_Activity_.
Take the data below and filter it for lines containing the word "baby"; show each line found.

_Extracted entries_.

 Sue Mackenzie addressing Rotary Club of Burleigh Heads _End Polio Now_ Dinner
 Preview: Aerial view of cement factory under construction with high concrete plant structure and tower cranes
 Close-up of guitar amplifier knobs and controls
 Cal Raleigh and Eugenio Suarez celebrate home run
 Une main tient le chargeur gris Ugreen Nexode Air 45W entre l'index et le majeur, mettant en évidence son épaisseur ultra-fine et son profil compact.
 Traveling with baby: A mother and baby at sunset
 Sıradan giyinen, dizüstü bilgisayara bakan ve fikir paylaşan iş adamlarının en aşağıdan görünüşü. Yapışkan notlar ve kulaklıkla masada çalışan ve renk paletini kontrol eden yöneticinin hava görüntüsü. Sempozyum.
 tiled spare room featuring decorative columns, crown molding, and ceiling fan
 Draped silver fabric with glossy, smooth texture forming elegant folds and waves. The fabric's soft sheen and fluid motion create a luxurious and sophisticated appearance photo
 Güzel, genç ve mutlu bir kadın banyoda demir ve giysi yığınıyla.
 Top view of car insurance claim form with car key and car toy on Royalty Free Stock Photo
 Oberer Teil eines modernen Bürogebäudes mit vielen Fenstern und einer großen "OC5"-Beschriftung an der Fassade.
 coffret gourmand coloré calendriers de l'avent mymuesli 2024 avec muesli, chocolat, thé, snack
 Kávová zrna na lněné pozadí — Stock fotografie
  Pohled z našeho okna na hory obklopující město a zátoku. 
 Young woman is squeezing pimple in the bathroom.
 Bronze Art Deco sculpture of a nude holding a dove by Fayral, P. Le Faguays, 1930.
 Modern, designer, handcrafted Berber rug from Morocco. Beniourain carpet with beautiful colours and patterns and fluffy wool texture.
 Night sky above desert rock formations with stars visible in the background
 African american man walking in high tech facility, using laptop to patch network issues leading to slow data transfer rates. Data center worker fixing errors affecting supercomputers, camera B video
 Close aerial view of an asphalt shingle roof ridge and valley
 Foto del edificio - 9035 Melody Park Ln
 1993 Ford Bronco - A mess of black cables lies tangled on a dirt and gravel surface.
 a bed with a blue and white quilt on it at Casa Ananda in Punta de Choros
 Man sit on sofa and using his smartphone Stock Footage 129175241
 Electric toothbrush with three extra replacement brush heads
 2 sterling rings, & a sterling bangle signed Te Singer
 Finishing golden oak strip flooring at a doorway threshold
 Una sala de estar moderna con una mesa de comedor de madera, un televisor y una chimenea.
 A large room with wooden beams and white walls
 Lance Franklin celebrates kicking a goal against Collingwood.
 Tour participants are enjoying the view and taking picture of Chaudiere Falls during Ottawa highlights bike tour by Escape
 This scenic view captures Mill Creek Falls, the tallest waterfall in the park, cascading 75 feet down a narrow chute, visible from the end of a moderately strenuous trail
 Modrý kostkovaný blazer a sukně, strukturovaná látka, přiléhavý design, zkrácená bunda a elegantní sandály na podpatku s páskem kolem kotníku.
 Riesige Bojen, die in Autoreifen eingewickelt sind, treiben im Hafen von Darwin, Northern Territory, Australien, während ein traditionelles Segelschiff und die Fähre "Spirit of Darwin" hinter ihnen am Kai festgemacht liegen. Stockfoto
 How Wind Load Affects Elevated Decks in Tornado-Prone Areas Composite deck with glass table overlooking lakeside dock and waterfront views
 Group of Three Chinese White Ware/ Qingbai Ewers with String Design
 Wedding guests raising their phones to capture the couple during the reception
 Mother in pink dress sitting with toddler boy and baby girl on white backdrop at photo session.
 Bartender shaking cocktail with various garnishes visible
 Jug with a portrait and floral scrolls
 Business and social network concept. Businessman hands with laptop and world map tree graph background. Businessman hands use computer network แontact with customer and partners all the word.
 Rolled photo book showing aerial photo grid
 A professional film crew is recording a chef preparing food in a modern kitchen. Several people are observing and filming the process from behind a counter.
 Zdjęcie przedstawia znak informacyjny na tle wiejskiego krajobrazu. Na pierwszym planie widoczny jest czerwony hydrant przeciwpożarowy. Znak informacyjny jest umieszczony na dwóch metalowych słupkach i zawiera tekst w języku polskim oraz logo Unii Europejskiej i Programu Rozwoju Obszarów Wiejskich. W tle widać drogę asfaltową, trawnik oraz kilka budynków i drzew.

_Output of the task_.
 Traveling with baby: A mother and baby at sunset
 Mother in pink dress sitting with toddler boy and baby girl on white backdrop at photo session.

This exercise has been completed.